Roma Fiumicino, direzione Londra, verso la ricerca di un master appetibile. Vado vado, che non sia mai poi mi viene il rimpianto: “Ah ci fossi andata, a quest’ora non starei a rompere noci e sbucciare uva all’ultimo dei raccomandati” potrei pensare a 60 anni. Quindi sì, meglio che vada.
Atterro, mi sistemo da un’amica e, cartina alla mano, mi dirigo verso il miglior college che potrei voler frequentare. Entro. Sono vestita normale, si dirà ‘da italiana’, o meglio, ‘da sapientina’. Certo non sono in giacca e cravatta o camicetta come tutti miei coetanei che mi sfrecciano a fianco non curanti di una strepitosa quanto enorme fontana che padroneggia il cortile dell’università. Come se al pratone ci fosse la fontana di Trevi. Insomma due minuti e già sudo dall’imbarazzo. Prendo tutte le brochure e vado a parlare con la segretaria per maggiori informazioni. Il biennio costa quanto un mio rene, o forse una retina. Esco, devo riflettere a quale parte del corpo voglio rinunciare. Guardo altri college e dopo 4 giorni, sfinita torno a Roma: bella, immensa, eterna e caciarona.
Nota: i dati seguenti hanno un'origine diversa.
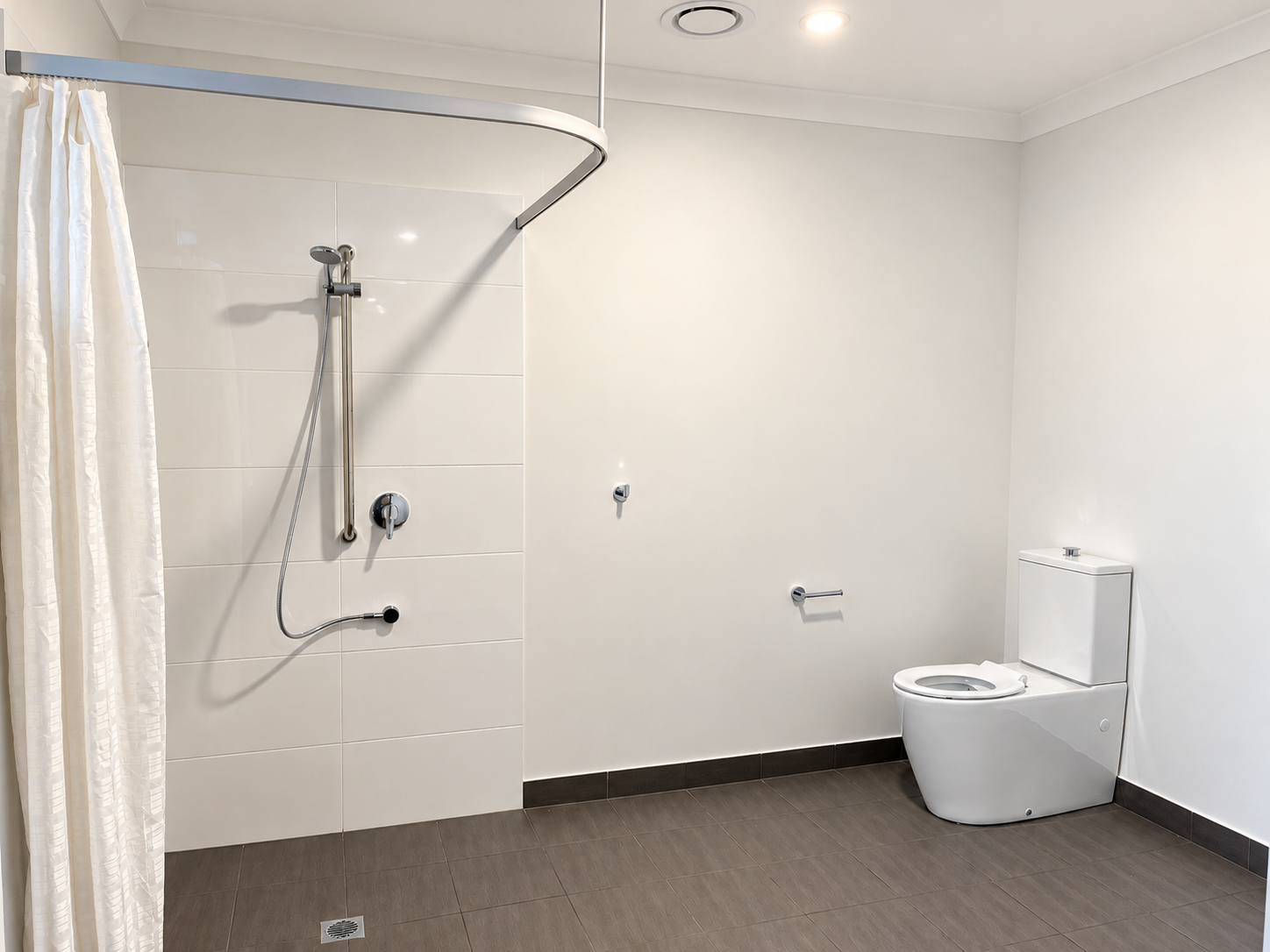 Bright Accessible Bathroom with Walk-In Shower.png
Che faccio vado? Vabbé ormai ho preso il biglietto, sì vado. Per forza, direi. No, ma magari resto. Alla fine qualcosa si troverà, ci arrangeremo come tutti.
Torno a La Sapienza. Certo non c’è la fontana, non ci sono giacche né cravatte, direi che è già tanto se ci sono le sedie. Siamo troppi, il cielo è non ha limiti, le opportunità sì.
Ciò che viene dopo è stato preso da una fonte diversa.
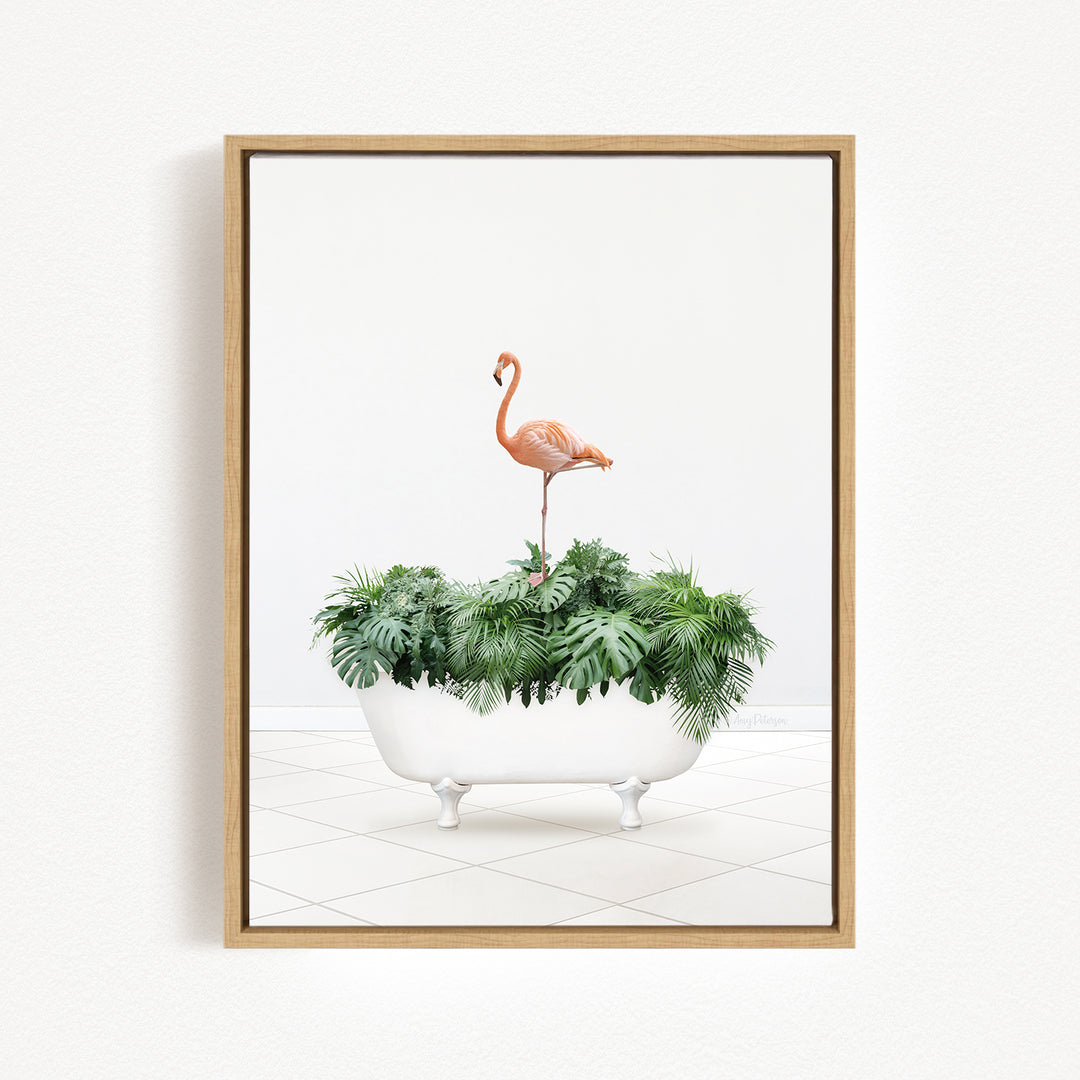A framed image depicting a pink flamingo standing on a white bathtub filled with green plants.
Mio padre mi legge sul viso un po’ di rassegnazione: ‘Posso vendere la terra che ci ha lasciato nonno se vuoi davvero fare quel master’. Lo guardo, pensando che non so se sarei anch’io in grado di amare qualcuno come lui e mia madre amano me e gli rispondo: ‘Va benissimo così. Cadrà una stella anche per me e la renderò la più luminosa’.
Che faccio vado? Vabbé ormai ho preso il biglietto, sì vado. Per forza, direi. No, ma magari resto. Alla fine qualcosa si troverà, ci arrangeremo come tutti.
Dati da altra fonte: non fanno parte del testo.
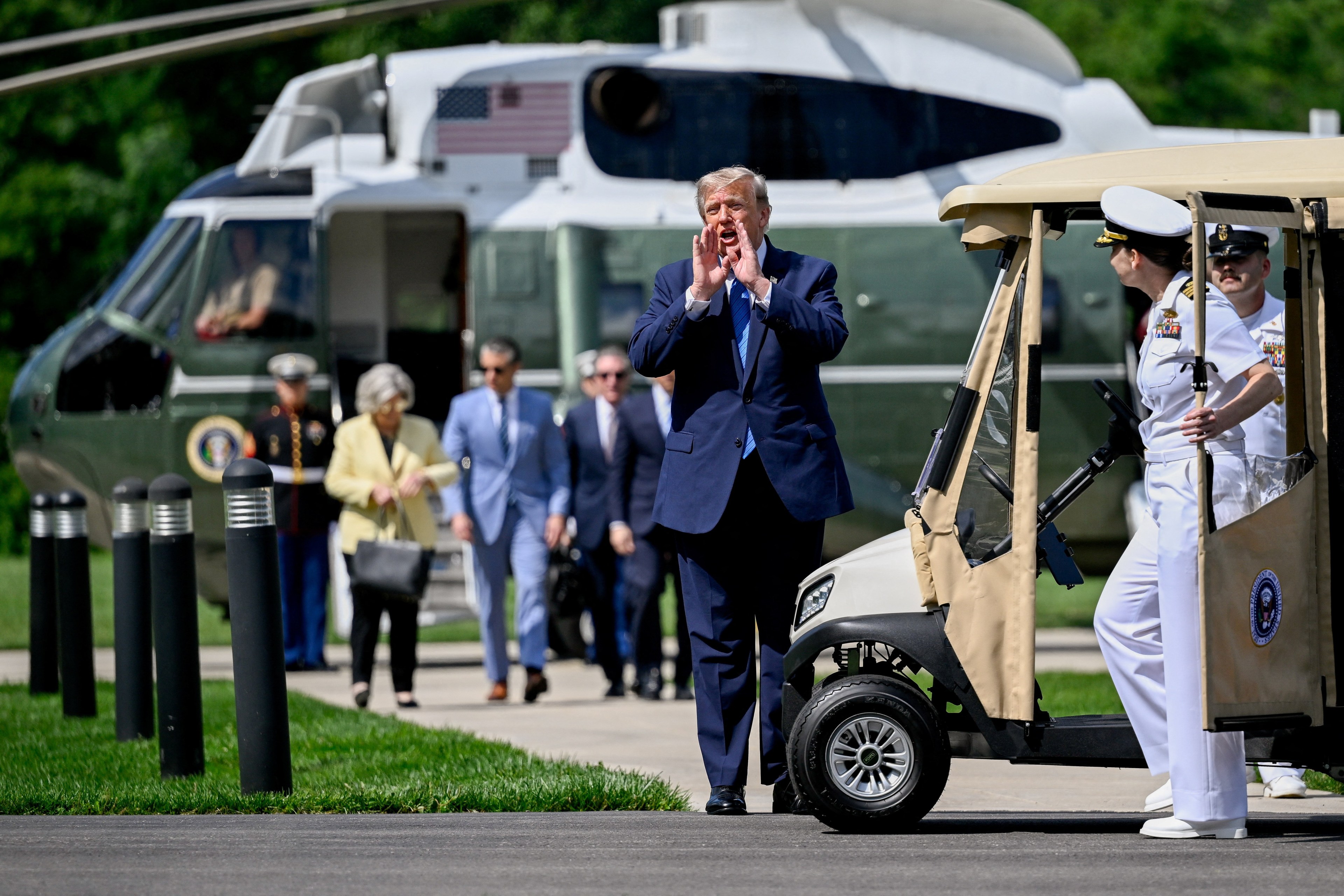 President Trump walks away from Marine One at Camp David, hands cupped around his mouth, with naval aides and a presidential golf cart nearby.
E allora a ogni meteorite che cade, che ci sembra una stella, lo raccogliamo, lo lucidiamo, finché non si rivela per quello che è, e ci si sgretola in mano: lavori non pagati, viaggi non retribuiti, ore extra nemmeno trascritte. Affannati arruffiamo tutto, ci arrangiamo. La stella può cadere, ma anche restare appesa a un filo. La mia è caduta nel mese di maggio mentre ascoltavo Cyndi Lauper sul tram che mi riporta a casa dall’università. La lucido tutti i giorni, tutte le ore, tutte le sostituzioni, tutte le volte che vado al lavoro.
Che faccio vado? Vabbé ormai ho preso il biglietto, sì vado. Per forza, direi. No, ma magari resto. Alla fine qualcosa si troverà, ci arrangeremo come tutti.
Finché non resterà nemmeno un stella, finché saranno cadute tutte, sarà buio e il cielo ci farà meno paura.